General Manager Nick Hargrove from Firebirds Wood Fired Grill is whipping up some delicious recipes on the Good Morning Show on Sunday! He's making their durango burger & filet with loaded baked potato.
Firebirds Wood Fired Grill is located at the Shoppes on Little Creek. That's 1215 Creekshire Way, Winston-Salem, NC 27103. You call call them at 336-659-3973.
Durango Burger Ingredients:
1 – 8 oz. Ground Chuck hamburger patty
Hamburger Bun Butter as needed
1 Tbsp. – Firebirds Chile Rub (combination of ancho Chile powder, paprika, cayenne pepper, sugar and salt)
1/2 Cup – Onion Straws, fried Roasted Garlic Ranch Dressing (we make ours in house, but you can use your favorite store bought or homemade version)
1 – Slice, Pepper Jack Cheese
1/2 Cup – Lettuce, shredded
1 – Tomato slice
4 – Pickle chips
1. Preheat grill to medium high heat
2. Assemble and season the burger patty liberally on both sides with Chile rub
3. Grill the burger patty to desired temperature, top with pepper jack cheese and grill until melted
4. While the burger is grilling, butter both sides of the hamburger buns and toast on the grill until golden brown
5. Place the grilled burger patty on the bottom bun and top with pickles, onion straws, and a drizzle of roasted garlic ranch dressing. Put it all together with shredded lettuce and tomato
6. This may be the best burger that you ever had!
2 - 7 oz. Filets
Montreal steak seasoning
Apple Wood Smoked Bacon
Preheat grill or grill pan to medium high heat. Wrap each filet with the Applewood Smoked Bacon, season generously on both sides with Montreal steak seasoning. Grill over medium high heat until desired temperature is reached.
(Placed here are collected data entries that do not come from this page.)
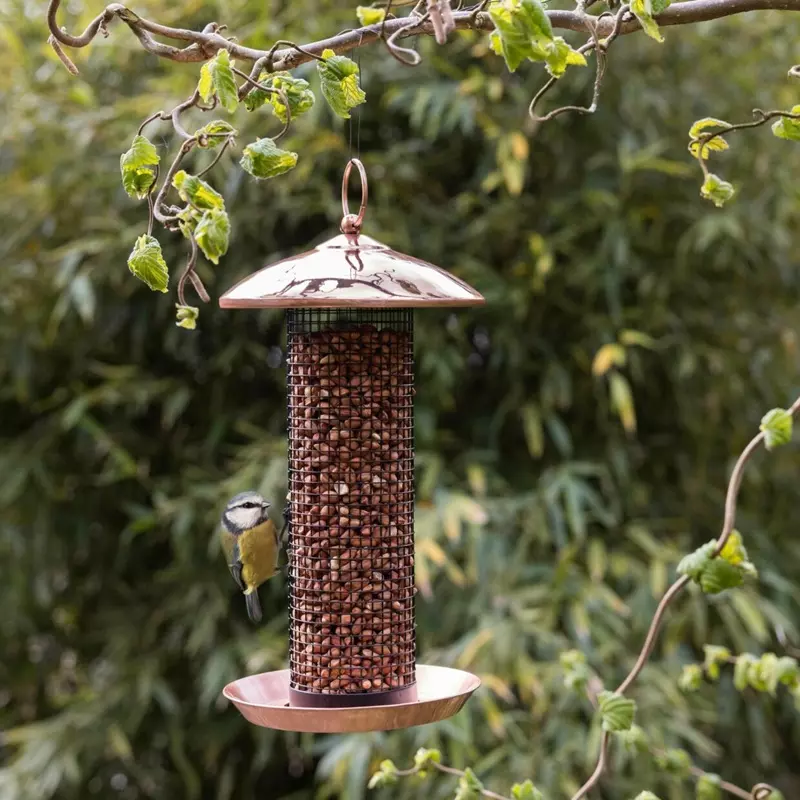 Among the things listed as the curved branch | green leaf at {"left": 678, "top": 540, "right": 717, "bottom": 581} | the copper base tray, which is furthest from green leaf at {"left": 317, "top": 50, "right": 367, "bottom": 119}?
the copper base tray

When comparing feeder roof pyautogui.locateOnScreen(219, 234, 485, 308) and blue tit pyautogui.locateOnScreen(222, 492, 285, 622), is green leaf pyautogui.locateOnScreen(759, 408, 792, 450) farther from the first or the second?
blue tit pyautogui.locateOnScreen(222, 492, 285, 622)

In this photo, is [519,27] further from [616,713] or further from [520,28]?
[616,713]

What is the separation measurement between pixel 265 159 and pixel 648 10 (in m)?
0.37

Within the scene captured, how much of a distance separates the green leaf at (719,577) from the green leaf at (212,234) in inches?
19.8

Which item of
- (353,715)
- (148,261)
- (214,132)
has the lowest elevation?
(353,715)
Loaded Baked Potato Ingredients:
2 – Large Russet Potatoes, washed and allowed to dry overnight
Canola Oil, as needed
Kosher salt, as needed
4 Tbps. Butter
¼ cup Sour Cream
2 Tbps. Smoked Cheddar Cheese, grated
2 Tbps. Smoked bacon crumbles
2 Tbps. Green Onion, sliced
Preheat oven to 400˚ F. Rub potatoes with oil and roll them in salt to coat well on all sides. Place on a sheet pan and bake for 1 hour. Place baked potatoes on cutting board; using a fork, pierce the potatoes four times in the center, turn the fork 90 degrees and pierce the potatoes four more times in the center. Squeeze the potatoes to open and top with butter, sour cream, cheese, bacon and green onions. Serve piping hot with your favorite steak!